Where: - pattern – The regex pattern to search for - replacement – The string (or function) to replace matches with - string – The input text to process - count – (Optional) Maximum number of replacements; default 0 means replace all - flags – (Optional) Regex flags like re.IGNORECASE


📊 Simple Substitution Examples

Example 1: Replace all digits with a placeholder

Input string: "Order 12345 shipped on 2024-01-15"
Pattern: \d+ (one or more digits)
Replacement: "[REDACTED]"
Result: "Order [REDACTED] shipped on [REDACTED]-[REDACTED]-[REDACTED]"

Example 2: Replace specific word

Input string: "The color of the sky is blue"
Pattern: blue
Replacement: red
Result: "The color of the sky is red"


🕵️ Using Backreferences in Replacement

Backreferences allow you to reuse captured groups from the pattern inside the replacement string. They are referenced using \1, \2, etc.

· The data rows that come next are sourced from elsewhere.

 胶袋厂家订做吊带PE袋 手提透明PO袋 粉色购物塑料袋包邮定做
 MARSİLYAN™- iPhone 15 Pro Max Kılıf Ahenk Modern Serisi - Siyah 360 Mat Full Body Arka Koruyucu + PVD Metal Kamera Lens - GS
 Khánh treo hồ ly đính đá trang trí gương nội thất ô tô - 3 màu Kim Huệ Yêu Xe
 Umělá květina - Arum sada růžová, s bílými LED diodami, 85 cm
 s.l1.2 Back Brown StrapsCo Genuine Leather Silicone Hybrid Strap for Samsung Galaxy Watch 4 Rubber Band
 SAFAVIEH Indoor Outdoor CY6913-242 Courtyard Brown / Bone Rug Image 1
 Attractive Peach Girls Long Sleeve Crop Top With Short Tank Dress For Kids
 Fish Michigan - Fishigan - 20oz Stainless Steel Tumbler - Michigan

Example: Swap first and last name

Input string: "Doe, John"
Pattern: (\w+),\s(\w+)
Replacement: \2 \1
Result: "John Doe"

Explanation: - (\w+) captures "Doe" into group 1 - (\w+) captures "John" into group 2 - \2 \1 places group 2 first, then group 1


🔄 Limiting Replacements with count

By default, re.sub() replaces all occurrences. Use the count parameter to limit replacements.

Example: Replace only first two digits

Input string: "Item 123, Price 456, Tax 789"
Pattern: \d+
Replacement: "XXX"
Count: 2
Result: "Item XXX, Price XXX, Tax 789"


🧩 Using a Function as Replacement

Instead of a static string, you can pass a function that receives each match object and returns the replacement dynamically.

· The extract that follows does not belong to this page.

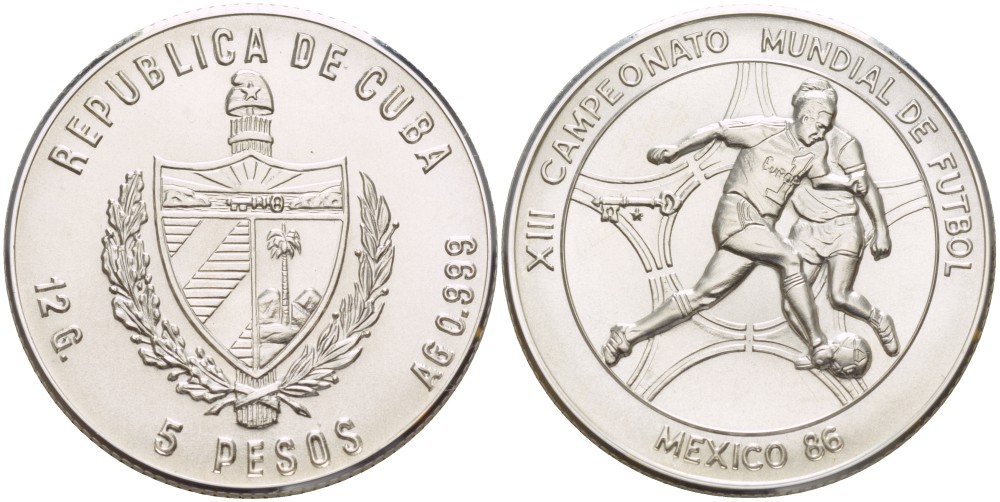 Куба 5 песо 1985 XIII чемпионат мира по футболу 1986 года в Мексике KM 123 серебро UNC 00-00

Example: Double all numbers

Input string: "Values: 5, 10, 15"
Pattern: \d+
Replacement function: lambda m: str(int(m.group()) * 2)
Result: "Values: 10, 20, 30"

How it works: - The function is called for each match - m.group() gets the matched text - The function returns the transformed replacement string


🧹 Practical Use Cases for Engineers

Use Case Pattern Replacement Example Input Example Output
Mask email addresses \b[\w.-]+@[\w.-]+.\w+\b "[EMAIL]" "Contact: [email protected]" "Contact: [EMAIL]"
Normalize whitespace \s+ " " "Hello World\nTest" "Hello World Test"
Remove HTML tags <[^>]+> "" "

Hello

"
"Hello"
Format phone numbers (\d{3})(\d{3})(\d{4}) (\1) \2-\3 "1234567890" "(123) 456-7890"
Sanitize filenames [^\w.-] "_" "my file (v2).txt" "my_file_v2_.txt"

⚠️ Important Notes

  • re.sub() is case-sensitive by default; use flags=re.IGNORECASE for case-insensitive matching
  • The original string is never modified; always assign the result to a new variable
  • If no matches are found, the original string is returned unchanged
  • For complex replacements, consider using re.subn() which returns a tuple of (new_string, number_of_replacements)

🧪 Quick Reference: re.sub() vs re.subn()

Feature re.sub() re.subn()
Returns Modified string Tuple: (string, count)
Replacement info Not provided Number of substitutions made
Use case Simple find-and-replace When you need to know how many changes were made

💡 Final Tip

Start with simple patterns and test them on sample strings before applying to real data. The re.sub() function is incredibly versatile—whether you're cleaning logs, transforming configuration files, or masking sensitive data, mastering substitutions will save you hours of manual text editing.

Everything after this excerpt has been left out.